The Trump administration is looking to make deportation orders much more expensive for foreign nationals to reverse by dramatically hiking appeal fees.
The Executive Office for Immigration Review (EOIR) announced a proposed rule Thursday to aggressively raise the price tag for appealing a deportation order, with fee hikes ranging in price depending on the type of appeal. One proposal seeks to raise the cost of appealing an immigration judge’s decision by nearly nine times the current cost.
The proposed rule change is the Trump administration’s latest move to escalate enforcement of U.S. immigration laws.
It already costs $100 to $110 to appeal a deportation order handed down by the U.S. immigration court system, depending on the appeal. For example, it costs $110 to file an EOIR-26 to appeal a deportation order by an immigration judge. Under the proposed rule change, this fee would rise to $975.

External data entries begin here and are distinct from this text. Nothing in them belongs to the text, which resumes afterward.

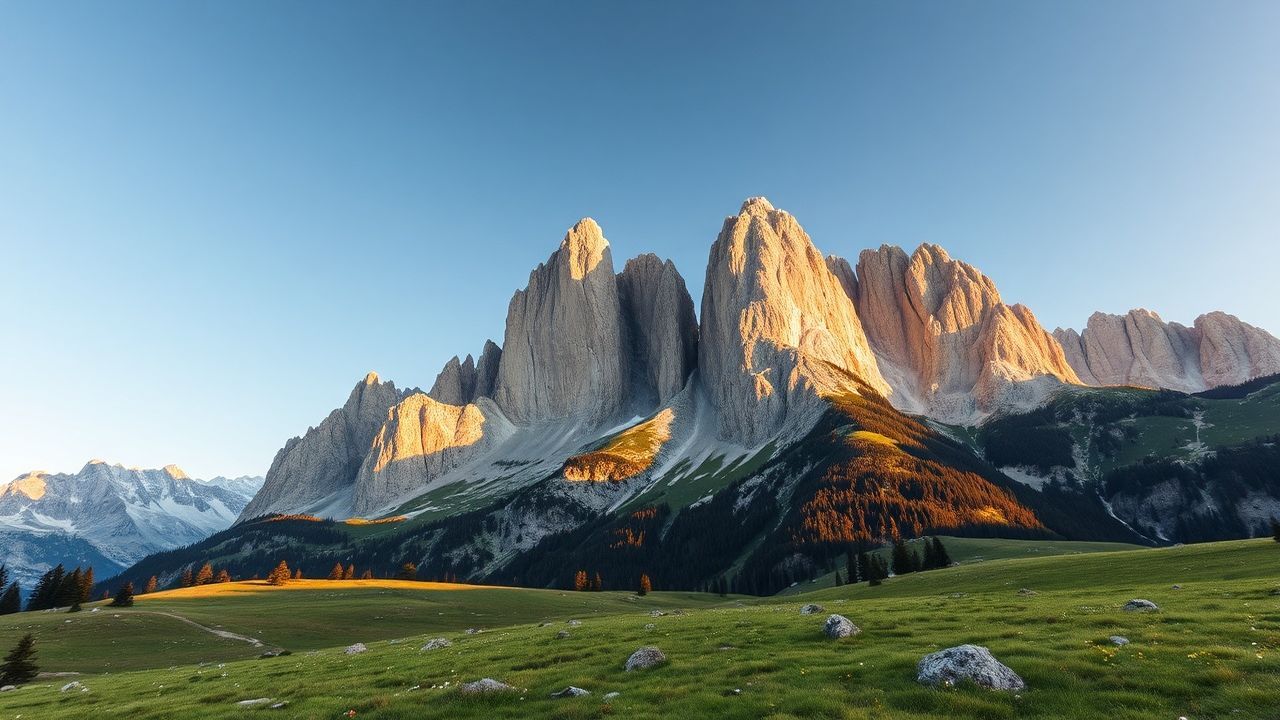 Enchanting Dolomites Peaks Alpine in Golden Light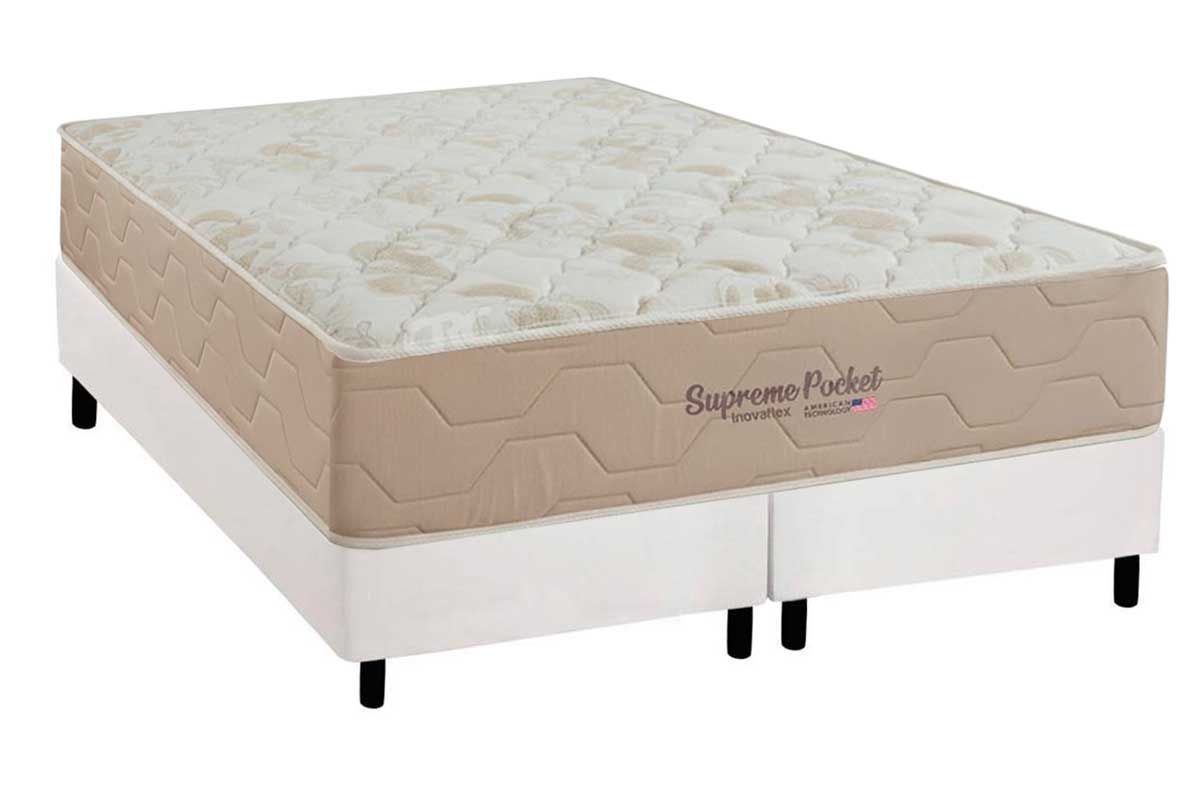 Cama Box CRC +Colchão Molas Supreme Inovaflex
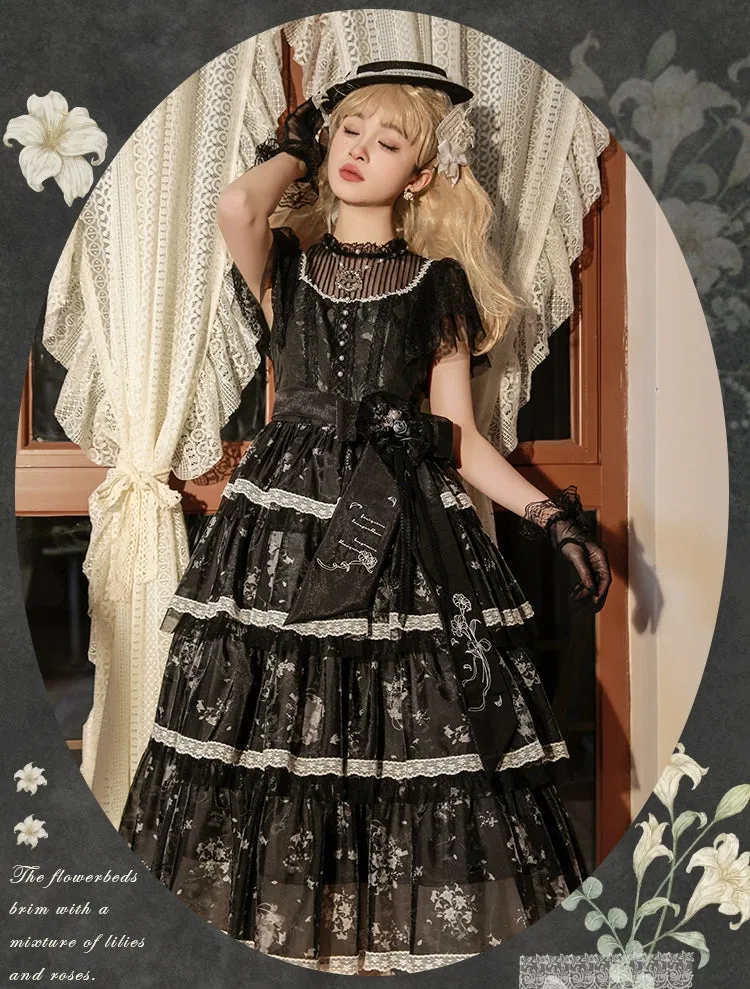 Mademoiselle Pearl~Lily Poetry~Lily Print Lolita Dress Collection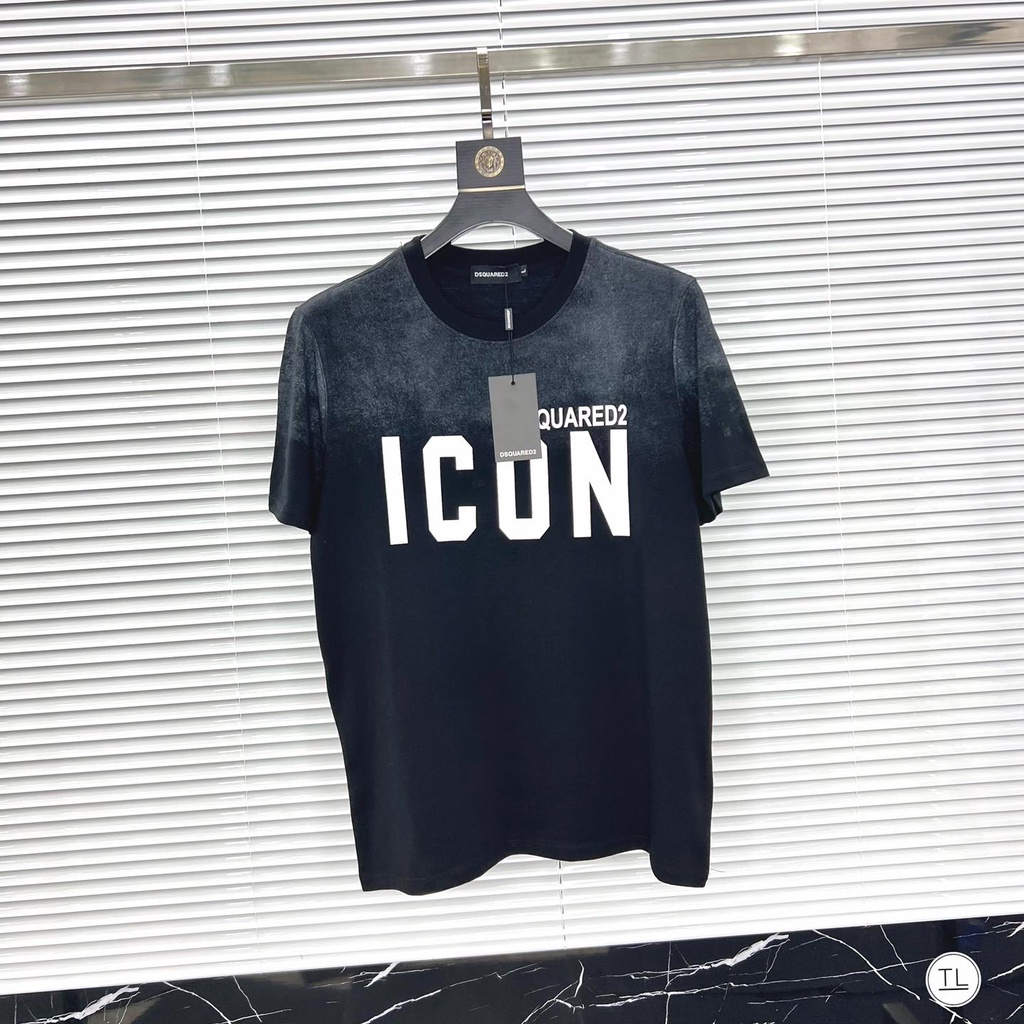 Áo thun nam cổ tròn, áo phông nam tay ngắn in chữ DSQ2 ICON vải cotton mát mịn form chuẩn thun lạnh 2022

The other new appeal fees range from $305 to $705. The proposed rule, however, would not affect an alien’s ability to submit fee waiver requests or add any new fees.
The Executive Office of Immigration Review (EOIR) said the fee hikes were needed given rising operating costs.
“The activity-based cost analysis demonstrates that EOIR’s processing costs consistently exceed the assessed fees for these EOIR applications for relief, appeals, and motions. Although EOIR is an appropriated agency, EOIR has determined that it is necessary to update the fees charged for these EOIR forms and motions to more accurately reflect the costs for EOIR’s adjudications of these matters,” the proposal read.
“EOIR’s calculation of fees accordingly factors in both the public interest in ensuring that the immigration courts are accessible to aliens seeking relief and the public interest in ensuring that U.S. taxpayers do not bear a disproportionate burden in funding the immigration system,” it continued. (RELATED: ‘Further Confirms What We Have Said’: Internal Audit Finds Sanctuary Cities Are Affecting ICE’s Work)
The last time the Executive Office for Immigration Review (EOIR) updated their prices was over three decades ago in 1986.